Afsluitdijk terlihat gigantik. Membentang lurus sejauh 32 kilometer, tanggul laut ini merentang selebar 90 meter dan tinggi 7,25 meter. Tempo melintasi Afsluitdijk dari Desa Den Oever di Provinsi North Holland menuju Desa Zurich di Provinsi Friesland. Ada empat lajur kendaraan di punggung Afsluitdijk. "Tanggul ini vital untuk menangkis datangnya siklus badai hebat," kata Joost van de Beek, Manajer Proyek Afsluitdijk.
Dibangun pada 1927, Afsluitdijk rampung lima tahun kemudian. Tanggul dibangun dari lempung, pasir, dan bebatuan. "Kami tidak pakai beton sama sekali karena sangat mahal," kata Staverman. Belanda, negeri yang tak punya gunung, bahkan harus mengimpor batu dari negara Skandinavia, Belgia, dan Jerman. Begitu tanggul merentang, air laut di IJsselmeer dipompa ke laut utara. "Butuh dua tahun untuk mengubah air laut jadi tawar."
Belanda menawarkan konsep tanggul laut seperti Afsluitdijk untuk Teluk Jakarta. Namun, menurut pakar ekologi di Rijkswaterstaat, Mennobart van Eerden, kondisi di pesisir utara Jakarta yang menjadi muara 13 sungai berbeda. "Hati-hati eutrofikasi. Zat hara tinggi dari sungai dapat memicu blooming algae," ujarnya. Menurut dia, tanggul laut harus memungkinkan air laut bertukar secara masif dengan air tawar. "Jadi air tidak terperangkap."
Blooming algae menjadi petaka bagi nelayan. Fenomena pertumbuhan alga yang supercepat membuat jumlahnya sangat berlimpah dan menutup permukaan laut. Akibatnya, kualitas air merosot dan memicu kematian massal ikan. "Komunitas sekitarnya juga terganggu oleh bau tidak sedap," kata Eerden. Belanda pernah mengecap pengalaman pahit dengan blooming algae setelah membangun Noordoost Polder pada awal 1960-an. "Kami butuh lebih dari 25 tahun untuk memulihkan ekosistem."
Alan Frendy Koropitan, ahli oseanografi dari Institut Pertanian Bogor, berpendapat bahwa tanggul laut raksasa di pesisir utara Jakarta hanya akan memperparah dampak reklamasi 17 pulau yang dibuat lewat pengurukan. "Reklamasi memperlemah sirkulasi arus di tengah teluk dan menurunkan waktu simpan dalam mencuci bahan pencemar dari daratan," ucapnya. Akibatnya, terjadi sedimentasi, eutrofikasi, dan penumpukan logam berat.

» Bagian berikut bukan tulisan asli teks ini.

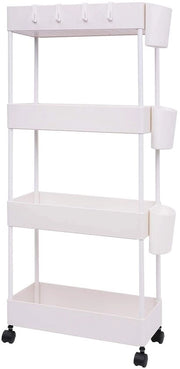 Carrello di archiviazione 4 livelli - mobile e multifunzionale - 1 pezzo - bianco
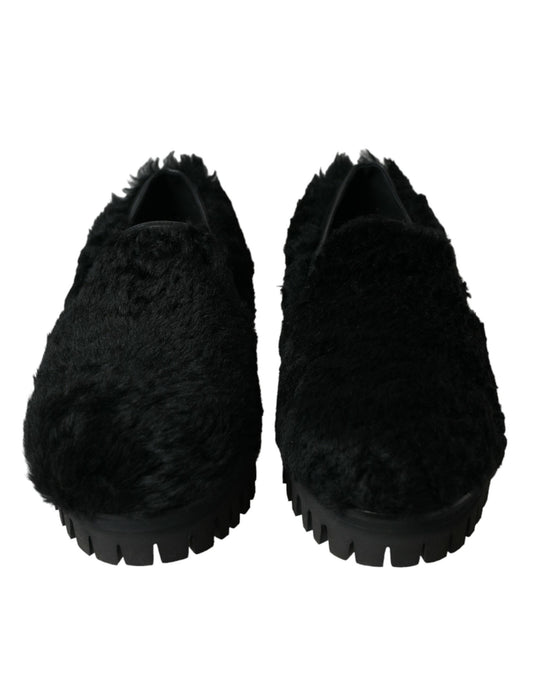 Dolce & Gabbana Black Fur Leather Slippers Dress Shoes Curated Luxury Accessories by Orvyn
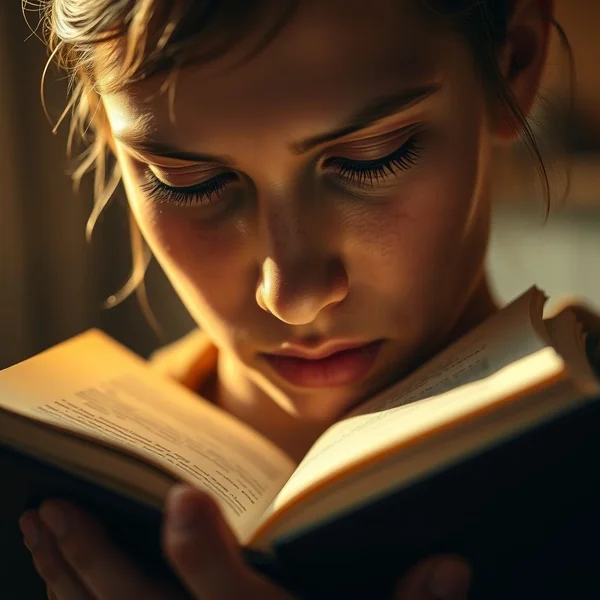 A person moved while reading a story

Menurut Alan, reklamasi di Belanda berbeda dengan Teluk Jakarta. Flevoland, misalnya, semula adalah daratan beribu tahun silam. "Karena terjadi penurunan muka tanah, tempat itu menjadi perairan teluk," ujarnya. Karena itu, Belanda mengasatkannya lagi menjadi daratan. "Di Jakarta, reklamasi bukan 'me-reclaim', tapi membuat pulau-pulau palsu."
Rencana tanggul raksasa juga ditentang Muslim Muin. Pakar teknik kelautan dari Institut Teknologi Bandung ini menilai Belanda menghadapi ancaman badai dari laut utara. Itu sebabnya mereka perlu Afsluitdijk. "Storm surge mendorong air ke teluk dan memicu banjir," katanya. Di Jakarta, dengan pantai melebar, tidak ada ancaman badai dari Laut Jawa. "Angin tidak tegak lurus dengan pantai Jakarta, tapi sejajar garis pantai."
Musuh utama Jakarta, Muin melanjutkan, adalah penurunan muka tanah, bukan kenaikan muka laut. Hasil riset ITB menunjukkan laju amblesan tanah di pesisir Ibu Kota berkisar 1-15 sentimeter per tahun. Di sejumlah wilayah, tanah turun hingga 26 sentimeter. Sedangkan paras laut hanya naik 7,3 milimeter per tahun. "Walaupun tanah ambles, solusinya bukan menutup teluk," ucapnya. "Cukup menanggul pantai dan sungai di daerah yang ambles."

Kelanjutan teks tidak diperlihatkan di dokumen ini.